> **PROBLEM**
Each line of the listing where "Exteriér" appears should be reported.

[[ INFORMATION GIVEN, beginning ]]

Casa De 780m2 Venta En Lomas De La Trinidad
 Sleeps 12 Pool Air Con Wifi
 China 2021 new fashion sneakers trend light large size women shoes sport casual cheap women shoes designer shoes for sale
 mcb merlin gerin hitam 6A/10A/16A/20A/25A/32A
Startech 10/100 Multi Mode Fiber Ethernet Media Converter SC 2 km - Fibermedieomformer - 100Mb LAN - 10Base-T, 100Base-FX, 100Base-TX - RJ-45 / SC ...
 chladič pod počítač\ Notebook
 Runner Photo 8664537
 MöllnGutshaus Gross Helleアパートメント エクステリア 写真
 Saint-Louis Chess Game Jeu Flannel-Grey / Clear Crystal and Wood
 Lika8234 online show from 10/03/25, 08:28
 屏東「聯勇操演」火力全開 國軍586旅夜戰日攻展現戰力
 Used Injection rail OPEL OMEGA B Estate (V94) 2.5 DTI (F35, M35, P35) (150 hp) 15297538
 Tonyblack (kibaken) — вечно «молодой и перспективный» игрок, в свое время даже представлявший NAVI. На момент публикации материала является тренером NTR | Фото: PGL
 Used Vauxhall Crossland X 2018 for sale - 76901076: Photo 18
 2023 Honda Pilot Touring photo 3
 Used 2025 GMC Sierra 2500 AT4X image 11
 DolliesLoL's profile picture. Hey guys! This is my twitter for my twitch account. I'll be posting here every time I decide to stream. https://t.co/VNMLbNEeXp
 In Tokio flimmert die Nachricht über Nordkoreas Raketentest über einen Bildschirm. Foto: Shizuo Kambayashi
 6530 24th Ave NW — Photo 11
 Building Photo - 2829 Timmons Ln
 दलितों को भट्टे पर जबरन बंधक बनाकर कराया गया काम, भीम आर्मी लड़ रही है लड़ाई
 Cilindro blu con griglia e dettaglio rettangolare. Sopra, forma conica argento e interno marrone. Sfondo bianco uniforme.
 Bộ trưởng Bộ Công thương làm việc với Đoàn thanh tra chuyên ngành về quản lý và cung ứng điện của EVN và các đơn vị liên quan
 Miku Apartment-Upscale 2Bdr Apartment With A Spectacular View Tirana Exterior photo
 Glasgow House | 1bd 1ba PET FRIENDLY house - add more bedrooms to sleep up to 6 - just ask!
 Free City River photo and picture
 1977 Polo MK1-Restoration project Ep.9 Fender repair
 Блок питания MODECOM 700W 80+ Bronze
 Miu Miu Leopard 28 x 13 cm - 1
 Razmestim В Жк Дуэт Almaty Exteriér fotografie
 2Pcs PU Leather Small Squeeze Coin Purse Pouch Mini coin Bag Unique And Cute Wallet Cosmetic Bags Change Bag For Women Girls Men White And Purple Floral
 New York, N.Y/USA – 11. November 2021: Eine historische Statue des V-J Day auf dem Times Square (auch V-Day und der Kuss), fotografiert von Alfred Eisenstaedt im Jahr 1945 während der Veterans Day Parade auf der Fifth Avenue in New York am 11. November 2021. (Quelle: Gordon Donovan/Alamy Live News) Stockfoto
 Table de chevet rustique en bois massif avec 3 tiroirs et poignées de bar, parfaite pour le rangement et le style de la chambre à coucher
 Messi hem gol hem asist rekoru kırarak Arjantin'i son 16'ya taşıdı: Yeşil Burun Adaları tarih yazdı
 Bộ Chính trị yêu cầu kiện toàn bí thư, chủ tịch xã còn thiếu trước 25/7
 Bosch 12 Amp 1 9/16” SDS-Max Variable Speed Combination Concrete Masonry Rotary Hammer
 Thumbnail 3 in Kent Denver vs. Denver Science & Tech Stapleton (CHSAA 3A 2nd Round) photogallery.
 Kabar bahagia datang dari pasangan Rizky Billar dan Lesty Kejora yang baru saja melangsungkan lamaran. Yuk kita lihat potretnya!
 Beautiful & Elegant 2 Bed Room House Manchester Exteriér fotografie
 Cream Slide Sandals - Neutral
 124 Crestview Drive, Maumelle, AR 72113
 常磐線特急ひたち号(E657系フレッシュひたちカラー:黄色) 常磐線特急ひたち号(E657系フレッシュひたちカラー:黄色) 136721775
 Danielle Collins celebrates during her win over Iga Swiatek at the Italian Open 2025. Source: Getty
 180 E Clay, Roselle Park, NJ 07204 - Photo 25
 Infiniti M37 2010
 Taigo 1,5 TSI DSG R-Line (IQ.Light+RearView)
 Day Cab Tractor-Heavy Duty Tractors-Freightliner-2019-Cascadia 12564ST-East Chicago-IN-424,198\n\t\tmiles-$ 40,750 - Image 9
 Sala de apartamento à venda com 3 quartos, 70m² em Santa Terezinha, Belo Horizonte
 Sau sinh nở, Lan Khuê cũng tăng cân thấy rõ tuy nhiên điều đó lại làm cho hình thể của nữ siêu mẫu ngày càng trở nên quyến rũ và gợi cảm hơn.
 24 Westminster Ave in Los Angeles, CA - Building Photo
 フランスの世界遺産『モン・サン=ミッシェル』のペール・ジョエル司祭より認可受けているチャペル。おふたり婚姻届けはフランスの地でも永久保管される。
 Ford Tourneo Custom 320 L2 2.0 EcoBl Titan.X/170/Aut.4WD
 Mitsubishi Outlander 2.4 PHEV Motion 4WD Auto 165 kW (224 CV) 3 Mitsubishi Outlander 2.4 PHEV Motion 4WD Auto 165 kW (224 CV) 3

[[ INFORMATION GIVEN, end ]]

> **EXERCISE RESULT**
 Razmestim В Жк Дуэт Almaty Exteriér fotografie
 Beautiful & Elegant 2 Bed Room House Manchester Exteriér fotografie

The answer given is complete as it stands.